Data for analysis ▸
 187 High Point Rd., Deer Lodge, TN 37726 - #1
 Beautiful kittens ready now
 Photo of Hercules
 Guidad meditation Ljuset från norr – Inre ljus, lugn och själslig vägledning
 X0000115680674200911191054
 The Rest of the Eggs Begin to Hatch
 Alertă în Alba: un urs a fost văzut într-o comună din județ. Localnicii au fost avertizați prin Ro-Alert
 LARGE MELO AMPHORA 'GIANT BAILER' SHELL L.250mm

...

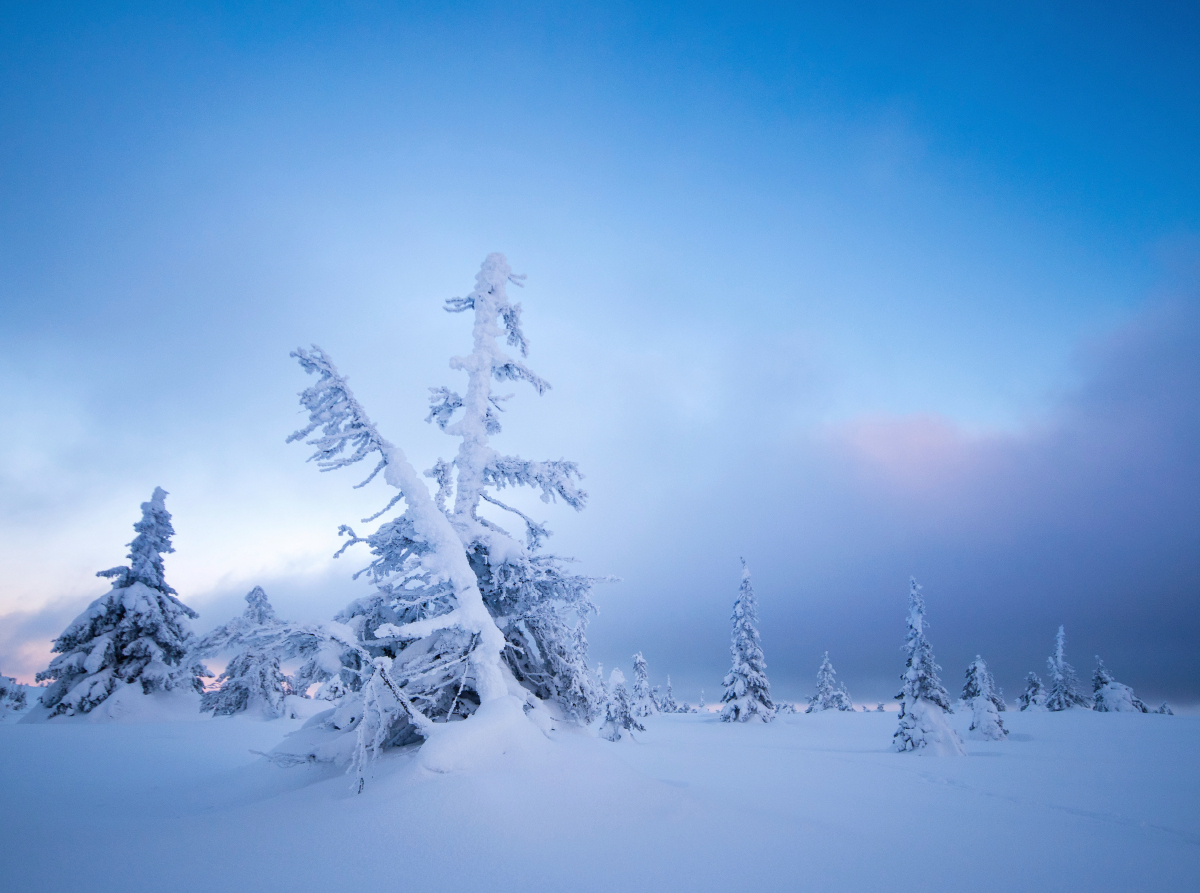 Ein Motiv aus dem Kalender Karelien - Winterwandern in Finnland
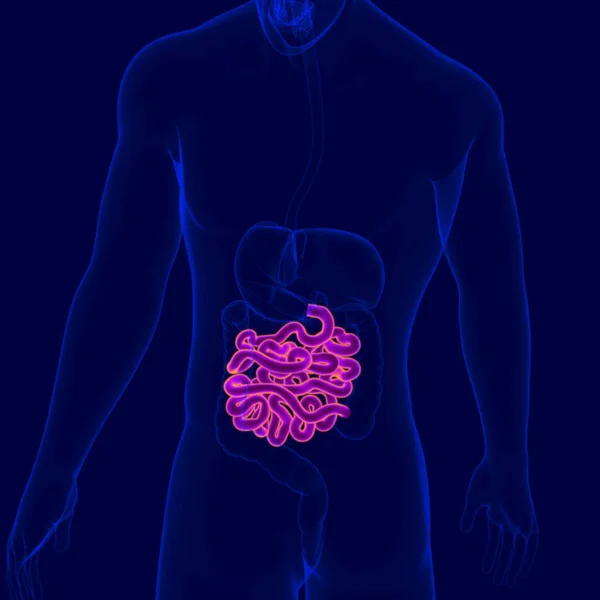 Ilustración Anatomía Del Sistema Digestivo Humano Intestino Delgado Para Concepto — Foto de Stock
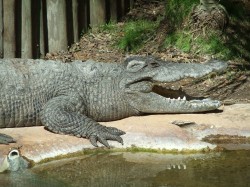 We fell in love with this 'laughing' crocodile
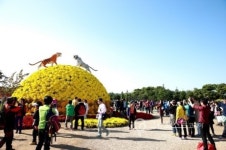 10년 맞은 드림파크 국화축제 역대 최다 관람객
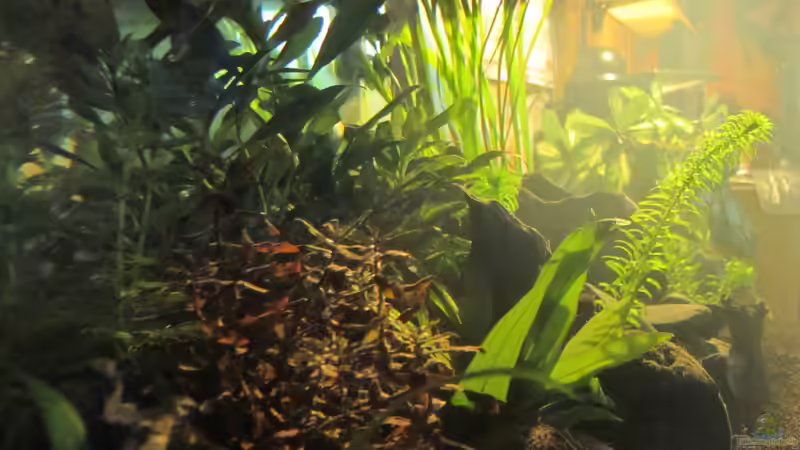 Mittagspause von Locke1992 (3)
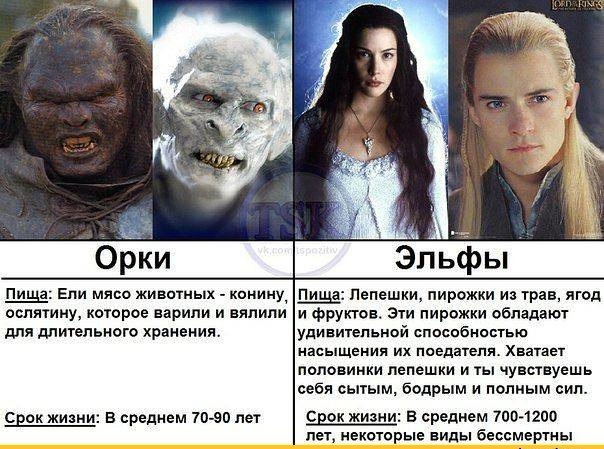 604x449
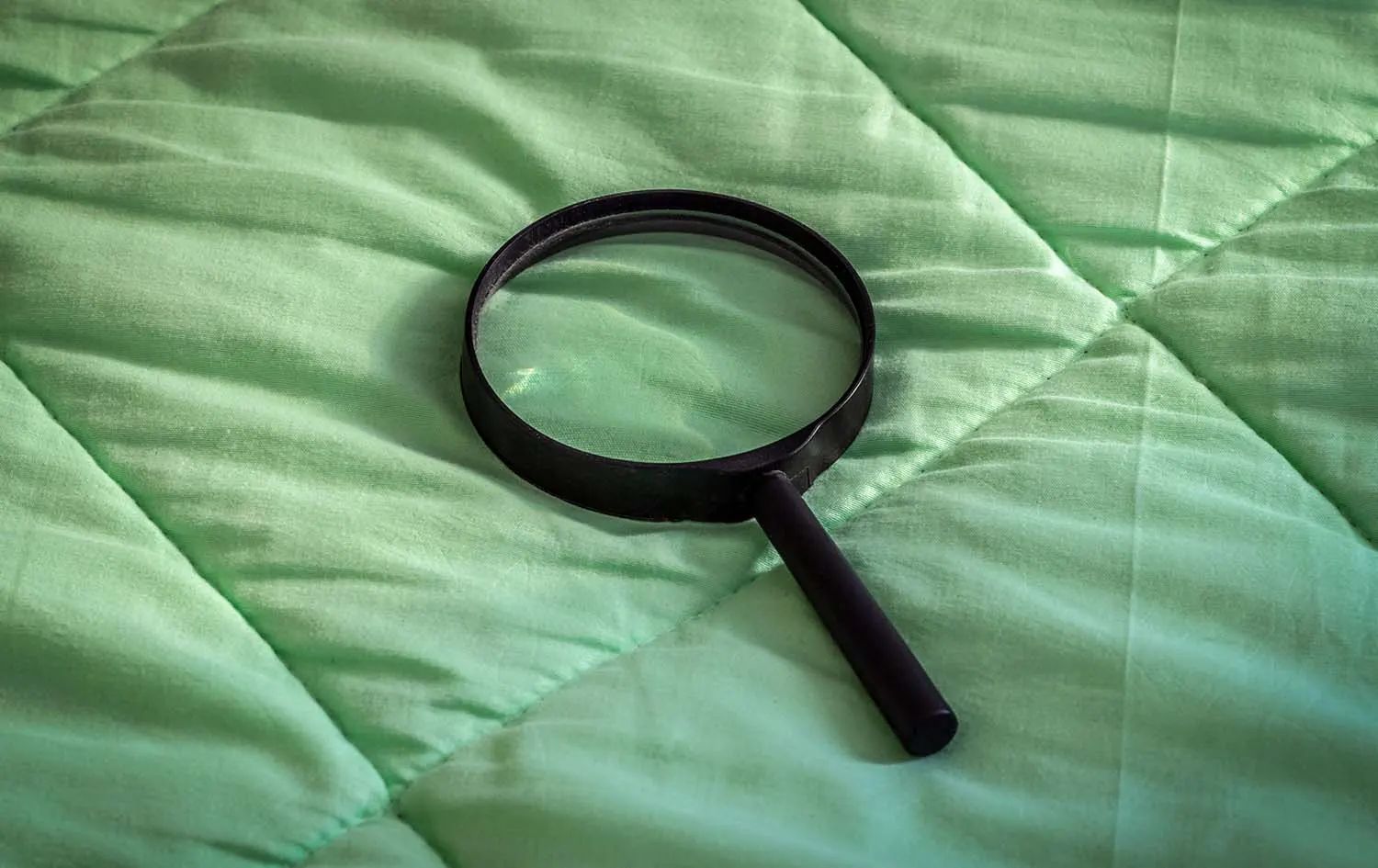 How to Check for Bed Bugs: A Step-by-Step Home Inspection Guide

* * *

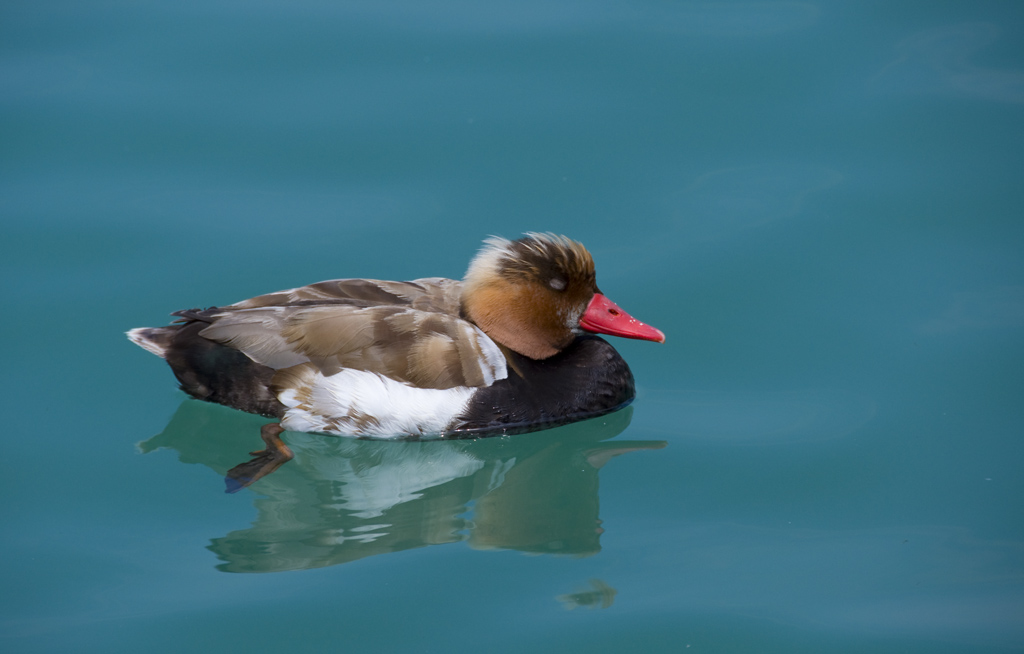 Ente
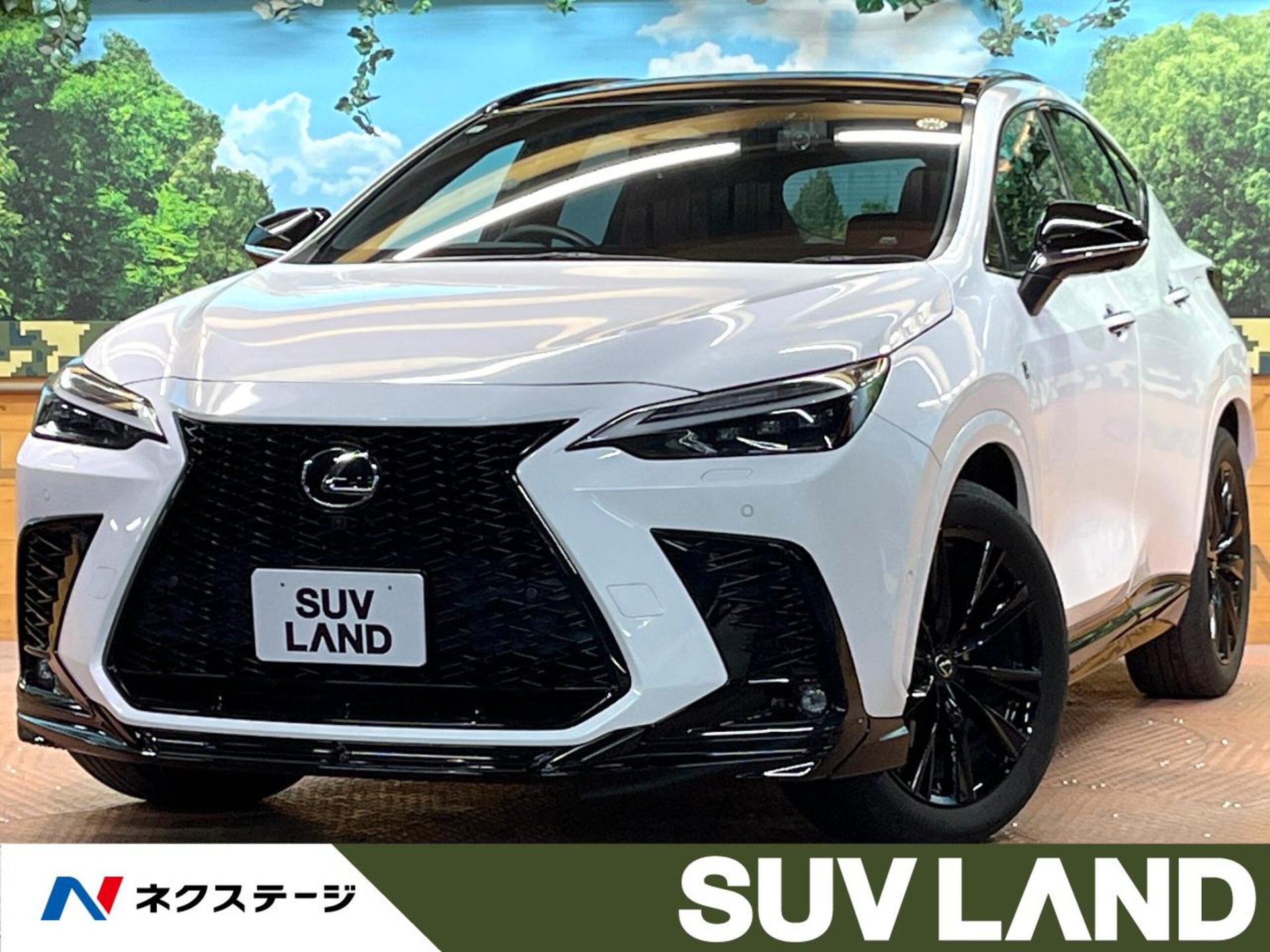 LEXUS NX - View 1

Assigned task ▸ Look above for the line holding "X0000115680674200911191054". Print it and every line after it, exactly, through the line holding "LARGE MELO AMPHORA".

Answer to the problem ▸
 X0000115680674200911191054
 The Rest of the Eggs Begin to Hatch
 Alertă în Alba: un urs a fost văzut într-o comună din județ. Localnicii au fost avertizați prin Ro-Alert
 LARGE MELO AMPHORA 'GIANT BAILER' SHELL L.250mm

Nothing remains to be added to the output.